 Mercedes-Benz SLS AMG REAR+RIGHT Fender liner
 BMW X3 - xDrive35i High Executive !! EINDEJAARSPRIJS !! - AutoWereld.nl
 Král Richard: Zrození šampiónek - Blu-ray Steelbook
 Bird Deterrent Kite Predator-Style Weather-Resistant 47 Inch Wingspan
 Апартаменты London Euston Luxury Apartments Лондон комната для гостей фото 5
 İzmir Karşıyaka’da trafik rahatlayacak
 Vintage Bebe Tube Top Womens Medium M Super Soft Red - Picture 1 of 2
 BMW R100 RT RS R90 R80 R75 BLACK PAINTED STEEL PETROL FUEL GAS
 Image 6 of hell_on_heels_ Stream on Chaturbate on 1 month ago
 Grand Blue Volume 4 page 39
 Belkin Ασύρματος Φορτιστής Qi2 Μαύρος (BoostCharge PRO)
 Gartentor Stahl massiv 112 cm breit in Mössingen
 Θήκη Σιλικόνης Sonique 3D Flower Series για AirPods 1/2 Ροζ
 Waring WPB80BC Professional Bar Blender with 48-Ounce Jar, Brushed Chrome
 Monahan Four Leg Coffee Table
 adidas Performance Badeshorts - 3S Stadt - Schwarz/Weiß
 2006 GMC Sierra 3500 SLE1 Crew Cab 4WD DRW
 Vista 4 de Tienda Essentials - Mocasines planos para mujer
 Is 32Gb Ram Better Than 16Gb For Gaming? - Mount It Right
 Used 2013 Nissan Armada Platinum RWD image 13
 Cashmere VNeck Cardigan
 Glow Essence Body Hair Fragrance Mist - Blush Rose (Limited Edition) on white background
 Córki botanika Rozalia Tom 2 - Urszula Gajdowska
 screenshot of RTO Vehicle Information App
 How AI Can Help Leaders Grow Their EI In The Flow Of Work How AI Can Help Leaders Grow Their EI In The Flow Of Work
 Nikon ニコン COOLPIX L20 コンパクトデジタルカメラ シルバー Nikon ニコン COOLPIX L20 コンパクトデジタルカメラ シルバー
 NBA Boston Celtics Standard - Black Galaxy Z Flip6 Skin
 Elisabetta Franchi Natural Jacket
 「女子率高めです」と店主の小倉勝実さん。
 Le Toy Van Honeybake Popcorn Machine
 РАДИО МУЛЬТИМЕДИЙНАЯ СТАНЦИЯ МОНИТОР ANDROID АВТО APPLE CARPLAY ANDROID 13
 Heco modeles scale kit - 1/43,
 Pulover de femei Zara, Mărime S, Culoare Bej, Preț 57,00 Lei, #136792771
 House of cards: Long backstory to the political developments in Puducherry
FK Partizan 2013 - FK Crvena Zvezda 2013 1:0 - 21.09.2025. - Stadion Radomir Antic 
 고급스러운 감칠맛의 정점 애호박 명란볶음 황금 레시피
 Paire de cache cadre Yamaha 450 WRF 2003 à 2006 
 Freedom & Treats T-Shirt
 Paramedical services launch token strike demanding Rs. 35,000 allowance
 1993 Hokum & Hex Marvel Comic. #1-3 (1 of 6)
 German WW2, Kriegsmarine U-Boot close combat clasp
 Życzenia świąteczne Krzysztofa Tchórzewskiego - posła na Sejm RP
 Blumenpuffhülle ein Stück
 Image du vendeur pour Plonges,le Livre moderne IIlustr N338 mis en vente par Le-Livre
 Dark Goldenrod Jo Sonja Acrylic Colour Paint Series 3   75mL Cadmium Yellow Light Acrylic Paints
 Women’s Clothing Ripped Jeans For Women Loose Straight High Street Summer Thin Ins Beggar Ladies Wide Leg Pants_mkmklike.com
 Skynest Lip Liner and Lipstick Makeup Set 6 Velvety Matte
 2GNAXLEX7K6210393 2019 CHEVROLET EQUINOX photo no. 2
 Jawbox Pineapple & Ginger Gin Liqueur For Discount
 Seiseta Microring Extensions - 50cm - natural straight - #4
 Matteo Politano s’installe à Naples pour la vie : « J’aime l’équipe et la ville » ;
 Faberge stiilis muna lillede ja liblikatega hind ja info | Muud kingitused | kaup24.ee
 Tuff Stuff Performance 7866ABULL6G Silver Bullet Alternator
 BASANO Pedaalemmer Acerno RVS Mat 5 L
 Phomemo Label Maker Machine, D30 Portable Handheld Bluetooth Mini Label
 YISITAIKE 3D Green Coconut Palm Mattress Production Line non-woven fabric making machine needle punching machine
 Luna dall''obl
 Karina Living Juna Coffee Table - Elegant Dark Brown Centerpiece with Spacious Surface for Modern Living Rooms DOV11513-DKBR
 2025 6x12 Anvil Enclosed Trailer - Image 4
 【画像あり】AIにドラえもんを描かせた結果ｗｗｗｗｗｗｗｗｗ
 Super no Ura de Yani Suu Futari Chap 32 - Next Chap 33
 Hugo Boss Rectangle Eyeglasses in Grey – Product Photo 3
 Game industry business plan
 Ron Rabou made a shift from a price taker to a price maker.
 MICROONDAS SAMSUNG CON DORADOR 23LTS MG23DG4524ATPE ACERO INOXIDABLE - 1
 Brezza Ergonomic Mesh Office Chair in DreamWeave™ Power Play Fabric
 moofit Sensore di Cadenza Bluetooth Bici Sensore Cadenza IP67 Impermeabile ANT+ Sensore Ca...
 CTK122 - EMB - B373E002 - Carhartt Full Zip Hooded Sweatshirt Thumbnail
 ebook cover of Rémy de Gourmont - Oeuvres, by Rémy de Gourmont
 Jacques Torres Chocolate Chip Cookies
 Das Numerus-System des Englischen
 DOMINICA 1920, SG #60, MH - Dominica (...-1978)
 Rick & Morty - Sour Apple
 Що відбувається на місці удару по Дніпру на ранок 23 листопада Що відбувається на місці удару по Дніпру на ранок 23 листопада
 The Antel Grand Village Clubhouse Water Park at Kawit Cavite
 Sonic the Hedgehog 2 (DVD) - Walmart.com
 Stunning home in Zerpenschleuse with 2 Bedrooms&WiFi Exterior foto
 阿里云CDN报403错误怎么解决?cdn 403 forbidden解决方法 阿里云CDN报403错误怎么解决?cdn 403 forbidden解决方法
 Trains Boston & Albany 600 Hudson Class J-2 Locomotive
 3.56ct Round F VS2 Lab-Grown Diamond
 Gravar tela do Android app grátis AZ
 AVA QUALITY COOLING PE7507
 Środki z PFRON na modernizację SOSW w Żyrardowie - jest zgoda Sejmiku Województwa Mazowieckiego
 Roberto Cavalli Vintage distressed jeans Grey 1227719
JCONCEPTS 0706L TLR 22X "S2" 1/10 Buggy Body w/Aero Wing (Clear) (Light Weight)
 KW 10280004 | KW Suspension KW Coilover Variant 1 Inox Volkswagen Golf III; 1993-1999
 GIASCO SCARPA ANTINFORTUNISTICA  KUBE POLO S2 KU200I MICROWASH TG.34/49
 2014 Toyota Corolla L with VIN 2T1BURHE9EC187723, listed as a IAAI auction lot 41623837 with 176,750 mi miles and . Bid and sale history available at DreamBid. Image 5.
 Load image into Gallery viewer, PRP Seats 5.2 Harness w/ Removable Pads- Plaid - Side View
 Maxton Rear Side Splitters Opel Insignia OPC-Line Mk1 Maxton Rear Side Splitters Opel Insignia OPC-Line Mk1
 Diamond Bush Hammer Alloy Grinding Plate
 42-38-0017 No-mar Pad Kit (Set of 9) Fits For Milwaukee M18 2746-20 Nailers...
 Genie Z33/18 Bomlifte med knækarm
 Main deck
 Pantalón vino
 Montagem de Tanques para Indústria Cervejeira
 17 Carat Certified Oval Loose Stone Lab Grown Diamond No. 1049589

**PROBLEM TO WORK ON:**
Set down the line holding "42-38-0017 No-mar Pad" and all later lines through the last one in the material above, exactly, and no other lines.

**REPLY:**
 42-38-0017 No-mar Pad Kit (Set of 9) Fits For Milwaukee M18 2746-20 Nailers...
 Genie Z33/18 Bomlifte med knækarm
 Main deck
 Pantalón vino
 Montagem de Tanques para Indústria Cervejeira
 17 Carat Certified Oval Loose Stone Lab Grown Diamond No. 1049589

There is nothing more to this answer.